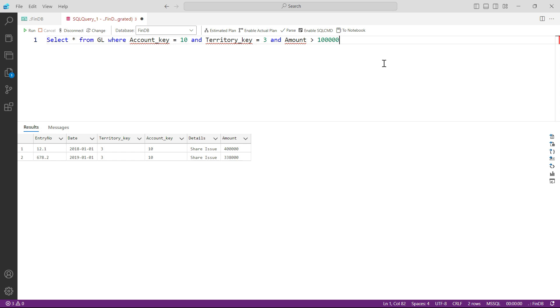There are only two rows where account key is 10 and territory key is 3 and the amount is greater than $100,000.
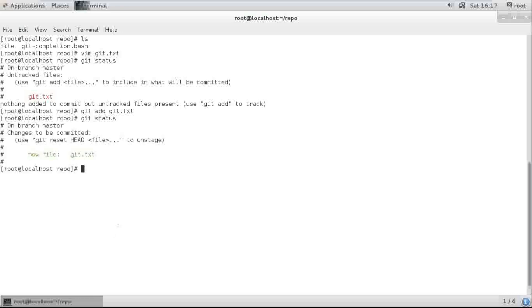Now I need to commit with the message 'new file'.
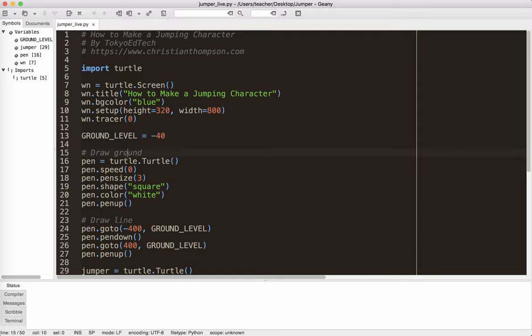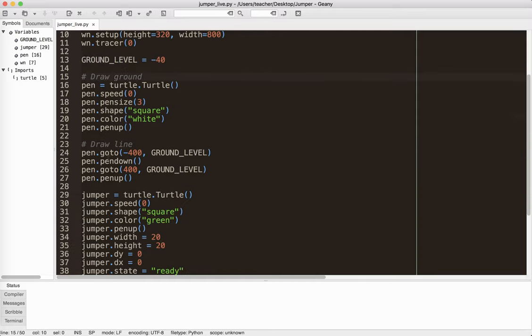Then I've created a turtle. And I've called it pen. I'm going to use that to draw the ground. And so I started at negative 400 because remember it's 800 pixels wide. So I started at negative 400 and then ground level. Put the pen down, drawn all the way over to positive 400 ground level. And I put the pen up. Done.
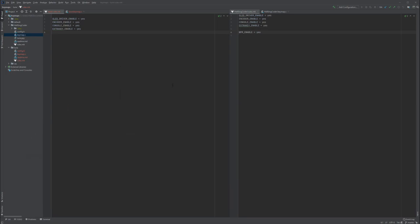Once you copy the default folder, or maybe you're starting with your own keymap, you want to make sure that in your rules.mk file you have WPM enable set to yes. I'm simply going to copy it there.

---

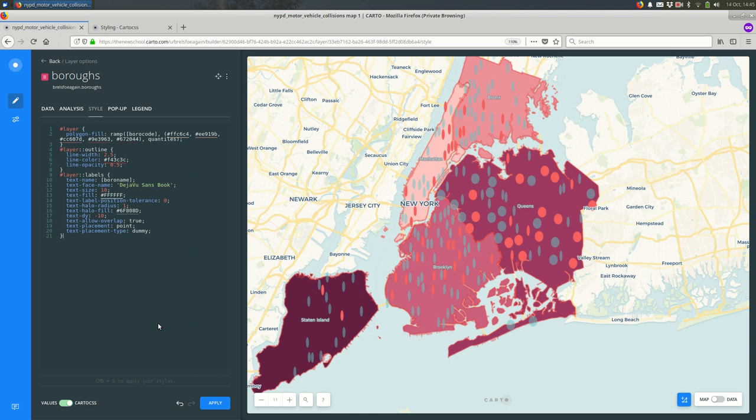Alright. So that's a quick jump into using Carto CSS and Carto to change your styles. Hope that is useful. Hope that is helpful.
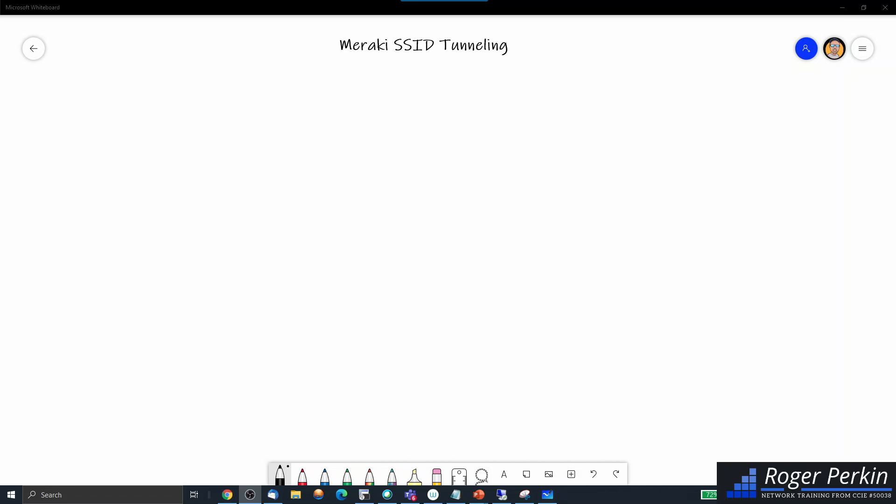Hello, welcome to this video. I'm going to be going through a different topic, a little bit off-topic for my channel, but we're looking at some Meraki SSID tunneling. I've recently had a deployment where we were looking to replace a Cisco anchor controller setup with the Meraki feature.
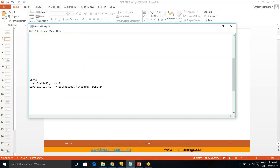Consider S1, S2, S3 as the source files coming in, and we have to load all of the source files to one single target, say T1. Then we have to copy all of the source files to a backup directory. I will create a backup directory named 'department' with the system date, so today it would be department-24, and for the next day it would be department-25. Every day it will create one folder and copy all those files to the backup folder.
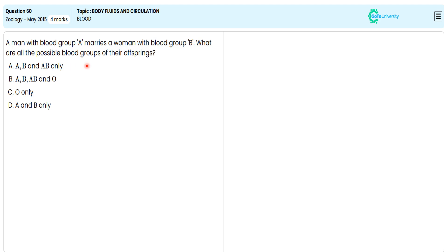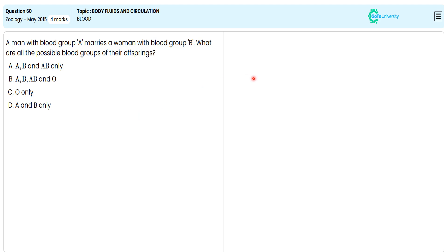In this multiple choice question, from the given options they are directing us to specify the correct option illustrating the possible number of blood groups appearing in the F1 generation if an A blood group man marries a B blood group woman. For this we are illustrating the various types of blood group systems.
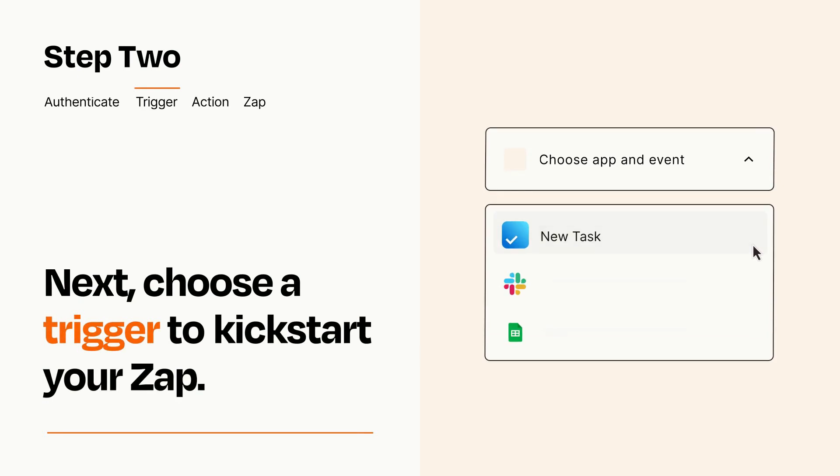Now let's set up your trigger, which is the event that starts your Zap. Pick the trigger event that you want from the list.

TRY IT.
Set the pictures aside and reproduce exactly the lines above, from the line holding "There are only" through the line holding "Once you copy", both included, with nothing else.

ANSWER TO THIS TASK.
There are only two rows where account key is 10 and territory key is 3 and the amount is greater than $100,000.
Now I need to commit with the message 'new file'.
Then I've created a turtle. And I've called it pen. I'm going to use that to draw the ground. And so I started at negative 400 because remember it's 800 pixels wide. So I started at negative 400 and then ground level. Put the pen down, drawn all the way over to positive 400 ground level. And I put the pen up. Done.
Once you copy the default folder, or maybe you're starting with your own keymap, you want to make sure that in your rules.mk file you have WPM enable set to yes. I'm simply going to copy it there.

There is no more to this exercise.